--- Provided records ---
________________
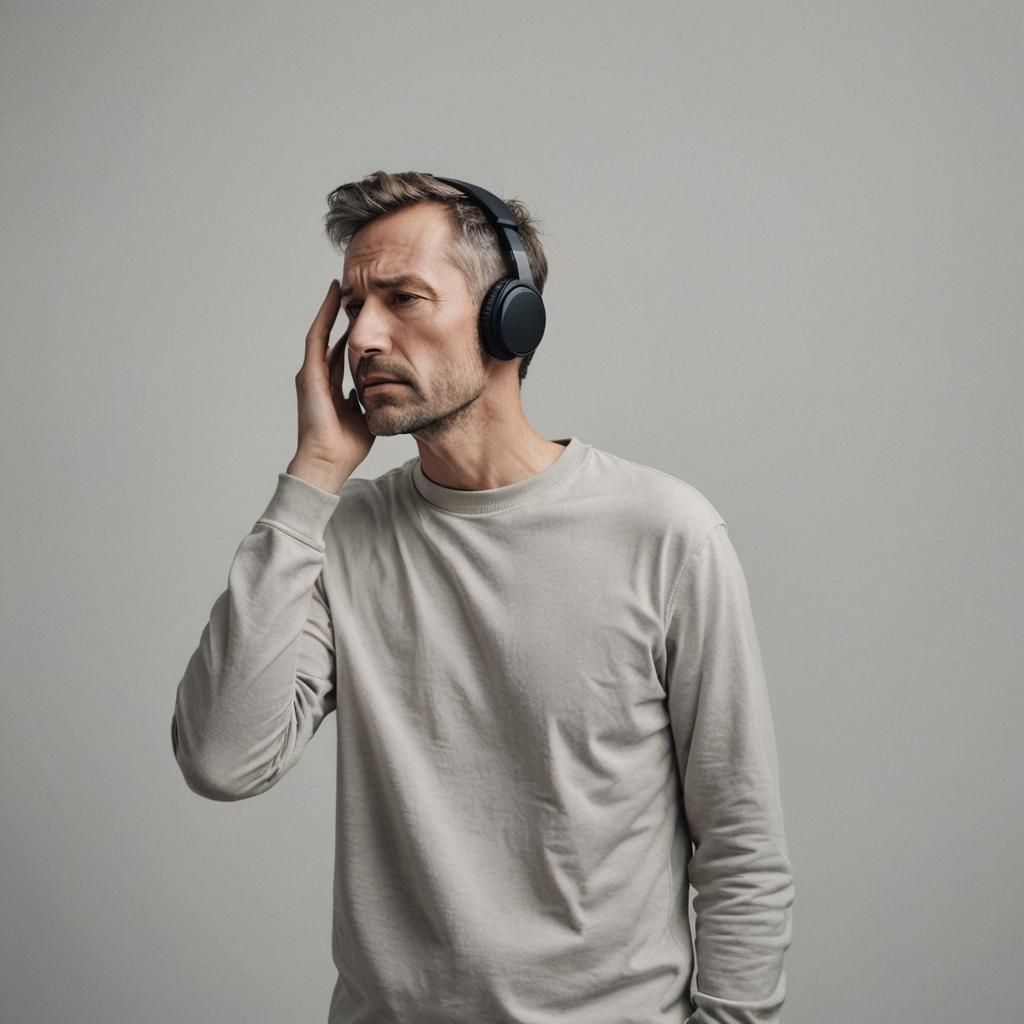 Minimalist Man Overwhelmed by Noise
________________
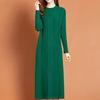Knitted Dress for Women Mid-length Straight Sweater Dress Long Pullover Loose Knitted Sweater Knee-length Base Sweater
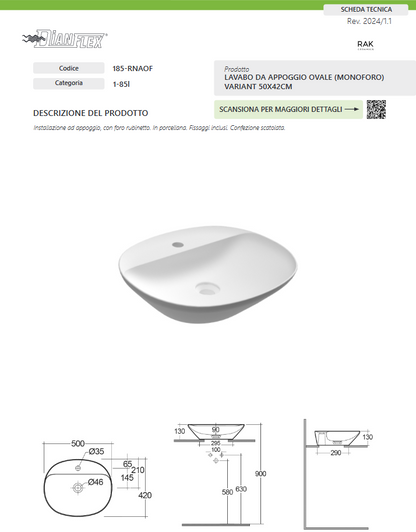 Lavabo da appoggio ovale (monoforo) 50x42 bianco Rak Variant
________________
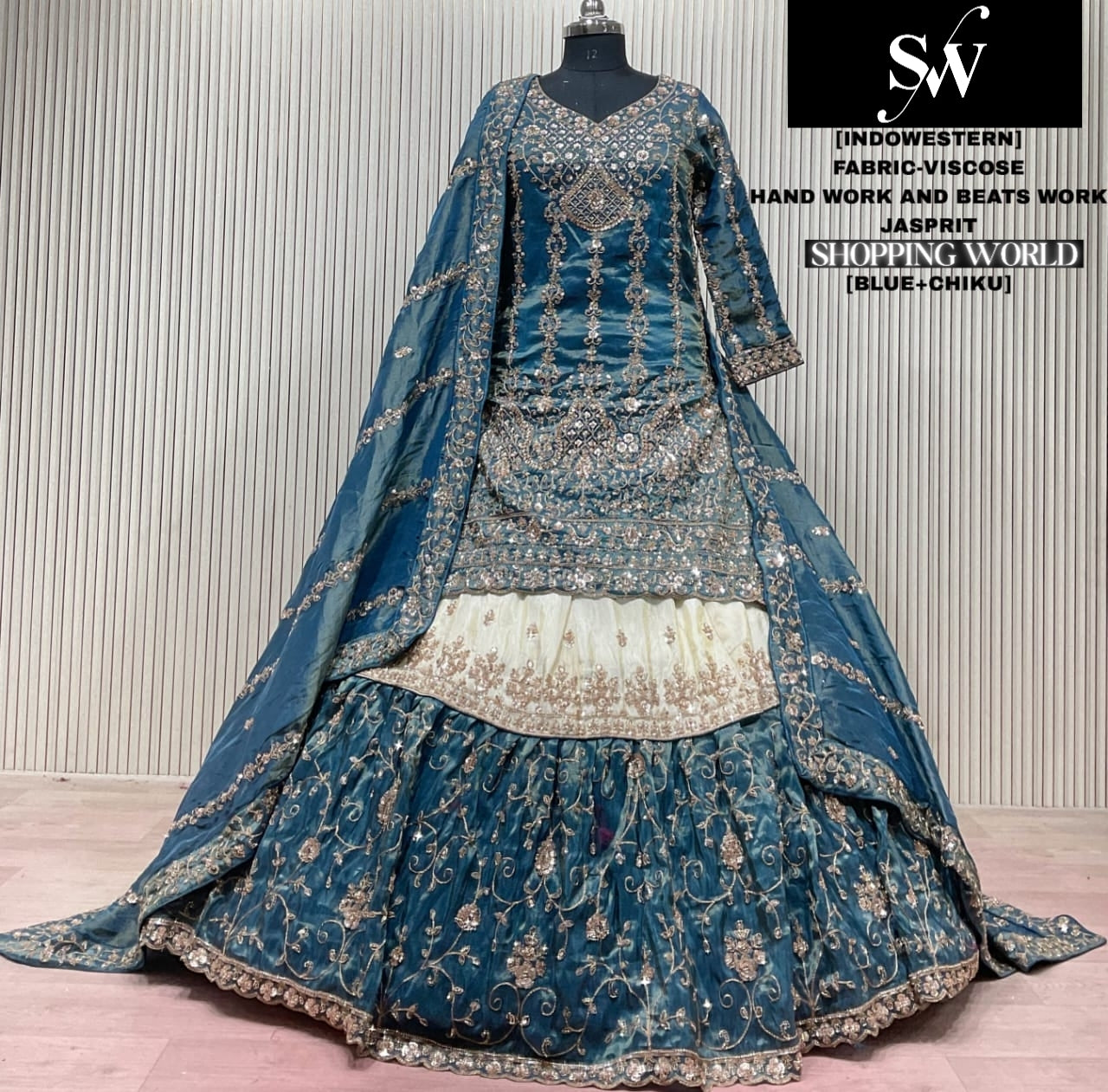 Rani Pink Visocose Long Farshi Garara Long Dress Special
________________
--- To do ---
Respond with the exact lines above running from the one containing "Knitted Dress for" to the one containing "Lavabo da appoggio", both ends kept and no pictures included.

--- Response to this task ---
Knitted Dress for Women Mid-length Straight Sweater Dress Long Pullover Loose Knitted Sweater Knee-length Base Sweater
 Lavabo da appoggio ovale (monoforo) 50x42 bianco Rak Variant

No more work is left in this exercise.